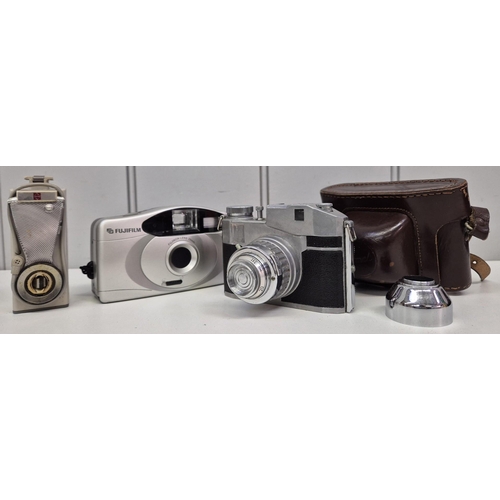 621 - A collection of 8 vintage cameras/accessories.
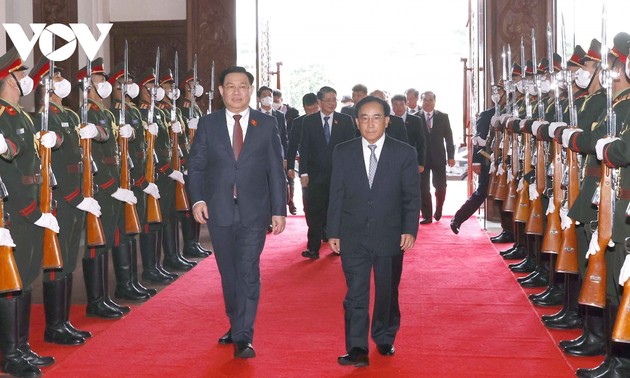 Wirtschaftszusammenarbeit soll zur Hauptsäule in den Vietnam-Laos-Beziehungen werden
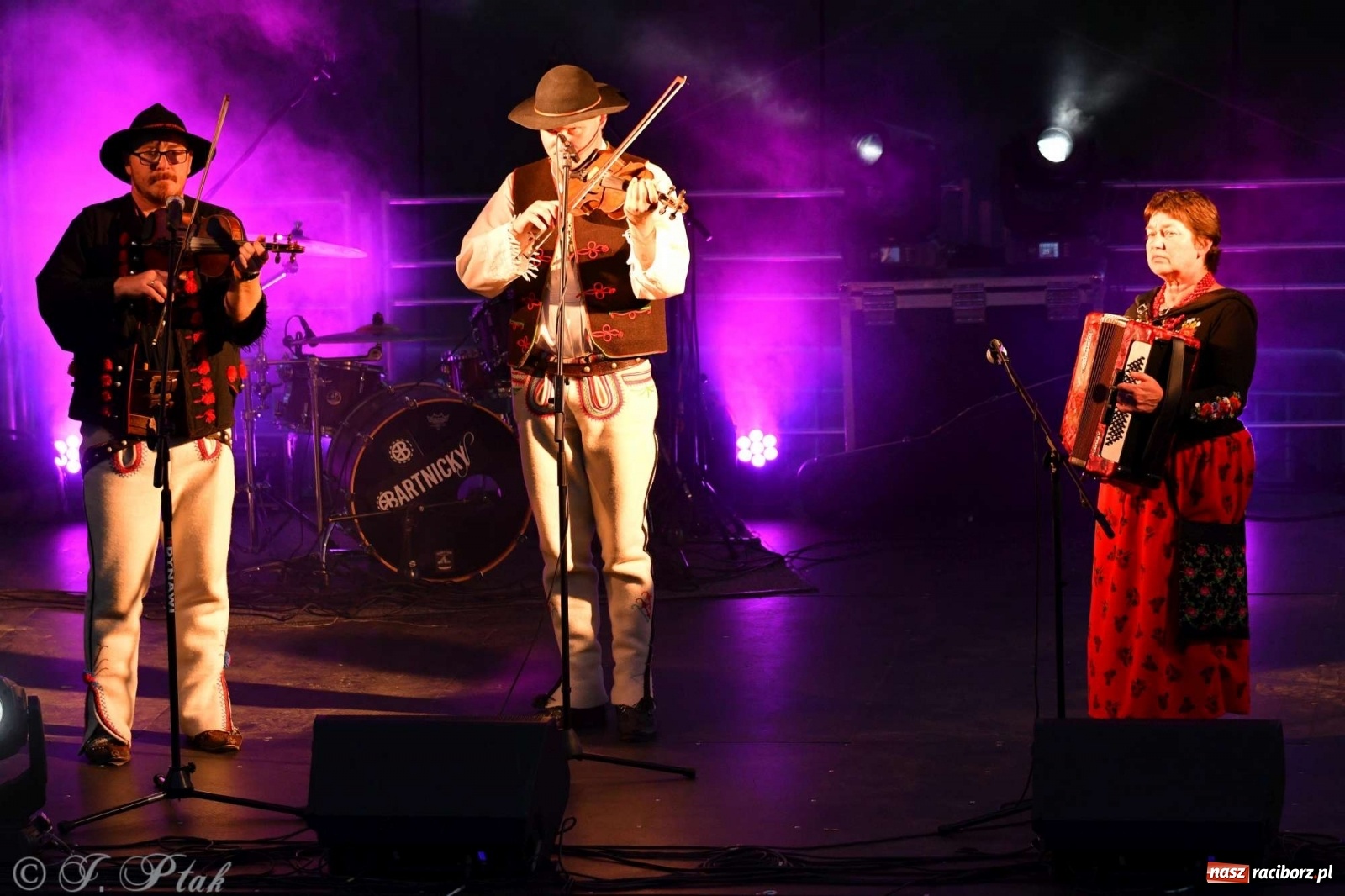 Zdjęcie w galerii na portalu naszraciborz.pl: Racibórz pożegnał na bulwarach lato [FOTO]  wiadomości z regionu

- [Exercise instructions]:
Images are to be skipped, and each line above is to be returned exactly.

- [Finished task]:
 621 - A collection of 8 vintage cameras/accessories.
 Wirtschaftszusammenarbeit soll zur Hauptsäule in den Vietnam-Laos-Beziehungen werden
 Zdjęcie w galerii na portalu naszraciborz.pl: Racibórz pożegnał na bulwarach lato [FOTO]  wiadomości z regionu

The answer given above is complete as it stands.